Он понял, что всякая попытка будет безуспешна после этого безапелляционного приговора. Поэтому он сразу покорился ему и, восхищенный возможностью приобрести такую союзницу, от всего сердца протянул ей обе руки:
— Располагайте мной, как хотите.
Она почувствовала искренность в его тоне и подала ему руки.
Он поцеловал их одну за другой, потом, поднял голову, сказал просто:
— Честное слово, если бы я встретил женщину, похожую на вас, с какой радостью я бы на ней женился!
На этот раз его слова тронули ее: есть комплименты, которые доходят до женского сердца, — и она бросила на него один из тех быстрых признательных взглядов, которые делают нас рабами женщины.
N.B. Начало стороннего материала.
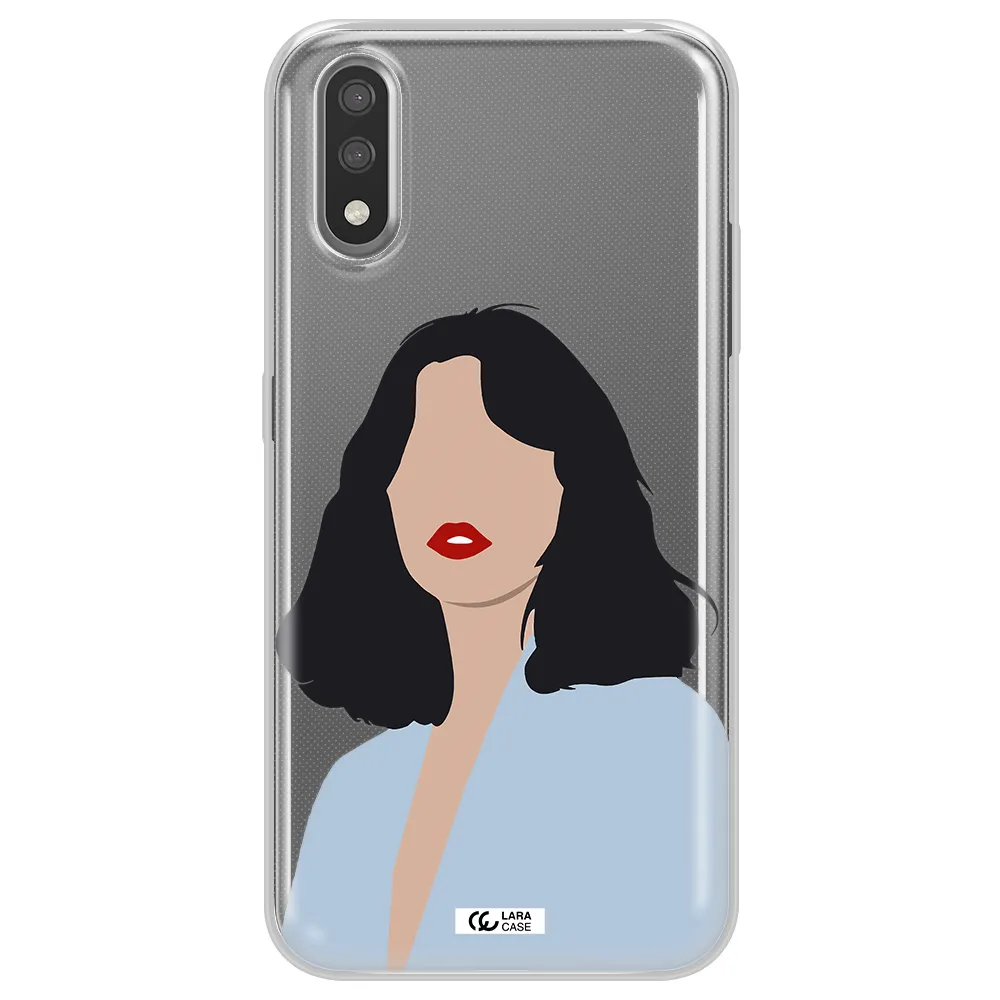 Minimalist Girl Portrait Samsung A01 Clear TPU Case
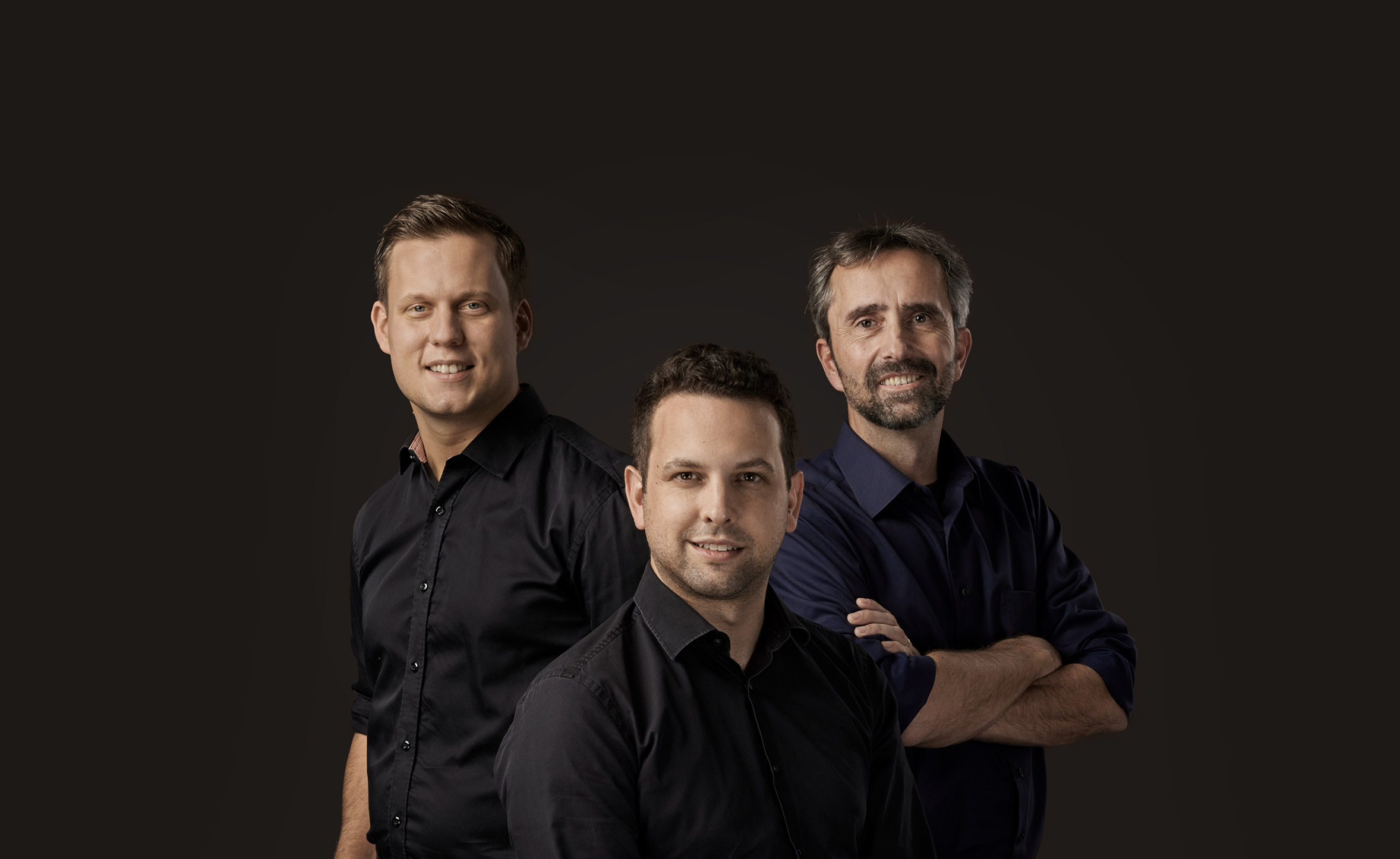 The owners of Partner Ingenieure AG: Matthias Vogelsang, Samuel Hangartner, Volker Wouters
Затем, видя, что он не знает, как перейти к другой теме, она сказала ему мягко, дотронувшись пальцем до его плеча:
— И я немедленно приступлю к исполнению моих дружеских обязанностей. Вы недостаточно ловки, друг мой…
На мгновенье она замялась и спросила:
— Могу я говорить с вами откровенно?
— Да.
— Вполне.
— Вполне.
— Так вот. Сделайте визит госпоже Вальтер, которая вас очень ценит, и постарайтесь ей понравиться. Вот там ваши комплименты будут уместны, хотя она порядочная женщина, — поймите, вполне порядочная женщина. О, не надейтесь… сорвать там что-нибудь в этом отношении… Вы можете получить большее, если сумеете себя поставить. Я знаю, что положение ваше в газете пока очень скромное. Но не бойтесь ничего, они принимают всех сотрудников с одинаковым радушием. Послушайтесь меня, сходите туда.
Он сказал, улыбаясь:
— Благодарю вас. Вы ангел… мой ангел-хранитель.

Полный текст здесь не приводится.